If you want to understand exactly how duplicate-inflated contact lists damage your email program, read our piece on why your B2B email list is killing your inbox placement. The connection between data quality and deliverability is more direct than most marketing teams realize.
If your portal has been collecting duplicate records for months and you don't know where to start, let's fix that together. Book a strategy call with the Sidekick team and we'll walk through your duplicate management setup, your data governance approach, and the fastest path to a CRM your whole team can trust.
Frequently Asked Questions
What is the HubSpot Duplicate Similarity Score?
The HubSpot Duplicate Similarity Score is a percentage shown in the duplicate management table that reflects how closely two records match according to HubSpot's default detection model. A higher score means HubSpot is more confident the records are duplicates.

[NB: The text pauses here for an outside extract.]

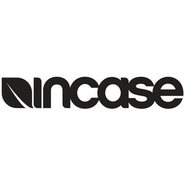 Incase discount codes and coupon codes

You can filter the table to show only pairs above a threshold you choose.
What score threshold does HubSpot use to surface duplicates by default?
HubSpot surfaces duplicate contacts with a similarity score above 30% and duplicate companies with a score above 80%. These thresholds existed before this update, but the scores were hidden. Now they're visible in a dedicated column, and you can filter to any custom threshold you want.
Does a high similarity score mean I should always merge those records?
Not automatically. A high score means HubSpot's model is confident the records share key properties. You should still check associated deals, open tickets, email history, and contact ownership before merging. The score tells you where to look first, not that the merge is guaranteed to be safe.
Which HubSpot hubs and tiers get the Duplicate Similarity Score?
The feature is available at Professional and Enterprise tiers across Commerce Hub, Content Hub, Marketing Hub, Data Hub, Sales Hub, Service Hub, and Smart CRM. It's currently in public beta, meaning all accounts in eligible tiers are enrolled automatically with no action required.
How should I use the similarity score filter in my duplicate cleanup workflow?
Start by filtering to 80% or higher and merge those pairs first. They're the easiest and least risky. Then work down to 50% and review those pairs more carefully. Schedule a recurring task for low-score pairs below 50%. This tiered approach prevents cleanup fatigue and makes steady progress over time.
Will the similarity score work with custom duplicate rules or only HubSpot's default model?
The similarity score column reflects only HubSpot's default duplicate detection model. If you're using custom duplicate rules, those results appear separately and don't carry the same similarity score. The filter applies specifically to the default model's output, so custom rule pairs won't show a percentage in this column.